Machine learning models for predicting compressive strength of cement mortar: the influence of oxides in supplementary cementitious materials
摘要
This study investigates the influence of supplementary cementitious materials (SCMs) on the compressive strength of cement-sand mortar, aiming to develop a data-driven approach for optimizing SCM use in concrete mixes. The primary objective was to examine the chemical composition of various SCMs, such as fly ash, slag, and silica fume, and their impact on the compressive strength of cement mortar. A comprehensive dataset was compiled from existing literature, including information on SCM types, chemical compositions, and corresponding compressive strength results.

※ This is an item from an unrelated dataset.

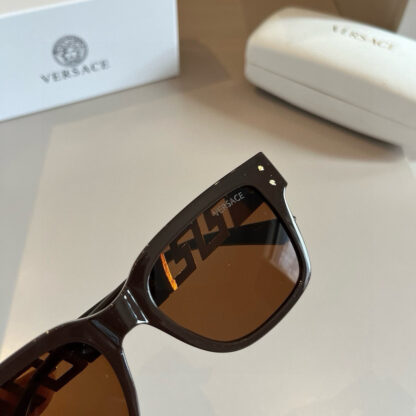 Versace fashion trend sunglasses - Image 6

Machine learning models, including artificial neural networks (ANN), K-nearest neighbors (KNN), support vector regression (SVR), and extreme gradient boosting (XGBoost), were employed to predict compressive strength based on the chemical composition of SCMs. The results revealed that silica-rich SCMs, particularly silica fume, significantly enhanced compressive strength, while calcium oxide content influenced early strength development. The XGBoost model outperformed other models, offering the best predictive accuracy. The study concludes that the optimal use of SCMs, when carefully proportioned, can enhance compressive strength, with silica and alumina playing key roles. Machine learning models provide an effective tool for predicting strength and optimizing SCM selection. Future research should focus on the long-term durability of SCM-based mortar, explore the synergistic effects of multiple SCMs, and incorporate real-world conditions for further model refinement.